Mais le responsable admet que les Irakiens ont leur part de responsabilité en raison de « pratiques d’irrigation » très gourmandes en eau.

A l’en croire, la campagne contre les fermes piscicoles « en situation irrégulière » est justifiée car ces bassins « augmentent les surfaces d’eau sujettes à l’évaporation », provoquent des « infiltrations » dans le sol et sont à l’origine d' »une pollution environnementale ».

Sur les 5.000 fermes piscicoles « sans permis » que comptait l’Irak, la moitié ont été suspendues, indique M. Chamal à l’AFP. Il souligne toutefois que les autorités tolèrent les bacs de pisciculture mobiles, plongés dans le fleuve.

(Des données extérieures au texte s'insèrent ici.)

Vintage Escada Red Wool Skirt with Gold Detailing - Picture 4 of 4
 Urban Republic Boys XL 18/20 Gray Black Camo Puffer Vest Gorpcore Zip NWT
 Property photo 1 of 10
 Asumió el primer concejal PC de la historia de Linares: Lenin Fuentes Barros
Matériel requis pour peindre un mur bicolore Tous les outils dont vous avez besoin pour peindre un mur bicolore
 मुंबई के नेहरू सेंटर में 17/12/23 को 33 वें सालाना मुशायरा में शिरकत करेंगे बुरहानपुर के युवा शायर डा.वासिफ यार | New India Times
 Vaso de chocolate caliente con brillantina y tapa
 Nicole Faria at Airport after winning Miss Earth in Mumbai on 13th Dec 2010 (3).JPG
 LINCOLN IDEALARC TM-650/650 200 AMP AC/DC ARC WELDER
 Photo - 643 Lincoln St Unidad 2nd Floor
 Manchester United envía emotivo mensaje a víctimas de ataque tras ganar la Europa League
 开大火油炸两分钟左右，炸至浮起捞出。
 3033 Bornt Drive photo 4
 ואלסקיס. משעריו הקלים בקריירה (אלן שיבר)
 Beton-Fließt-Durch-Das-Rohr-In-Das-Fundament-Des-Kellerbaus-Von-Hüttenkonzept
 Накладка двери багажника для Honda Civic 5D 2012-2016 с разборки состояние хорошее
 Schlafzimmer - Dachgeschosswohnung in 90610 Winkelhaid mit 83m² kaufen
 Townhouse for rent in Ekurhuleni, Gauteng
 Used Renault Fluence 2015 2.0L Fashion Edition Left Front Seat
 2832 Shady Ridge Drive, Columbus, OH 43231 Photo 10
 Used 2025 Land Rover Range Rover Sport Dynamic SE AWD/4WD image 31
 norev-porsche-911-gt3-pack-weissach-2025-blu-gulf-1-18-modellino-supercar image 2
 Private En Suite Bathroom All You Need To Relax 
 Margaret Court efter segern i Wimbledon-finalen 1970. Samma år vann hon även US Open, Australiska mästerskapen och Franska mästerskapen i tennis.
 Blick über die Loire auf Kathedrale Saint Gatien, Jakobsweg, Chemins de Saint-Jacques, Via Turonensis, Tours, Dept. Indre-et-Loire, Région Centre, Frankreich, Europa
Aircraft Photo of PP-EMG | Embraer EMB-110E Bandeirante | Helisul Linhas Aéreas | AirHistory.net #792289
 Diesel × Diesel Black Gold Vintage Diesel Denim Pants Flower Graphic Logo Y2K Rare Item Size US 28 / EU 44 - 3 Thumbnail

 « Abandonner la profession »

Tout en acceptant la disparition des fermes illégales, le président de l’Association irakienne des producteurs de poisson Ayad al-Talibi s’interroge: « l’eau récupérée a-t-elle bel et bien été exploitée? »

Avant la campagne lancée par les autorités en mai, l’Irak produisait près d’un million de tonnes de poissons par an. Mais la production a chuté à 190.000 tonnes depuis le début de la campagne, a-t-il assuré sur la télévision publique Al-Ikhbariya.

Selon lui, le secteur représentait deux millions d’emplois. « Toutes ces familles vont migrer vers les villes », met-il en garde.

Dans l’extrême sud de l’Irak, le défi c’est la salinité pour les pêcheurs du Chatt al-Arab, fleuve où se mêlent le Tigre et l’Euphrate avant de se jeter dans le Golfe.

Chaque été, le débit d’eau douce venu du nord s’amenuise, laissant l’eau de mer s’engouffrer dans le lit du fleuve.

Sur sa barque bercée par les eaux du Chatt al-Arab, Khdeir Aboud, 71 ans, se démène avec ses filets.

Autrefois l’eau douce charriait « tout type de poissons », se souvient le septuagénaire à la barbe blanche. « Mais avec l’eau salée, il ne reste plus rien ».

Aujourd’hui, sa prise lui rapporte difficilement sept dollars. « Ca ne fait pas vivre un foyer », lâche-t-il. « La plupart des pêcheurs ont abandonné la profession pour des petits boulots. Il ne reste plus que quelques vieux ».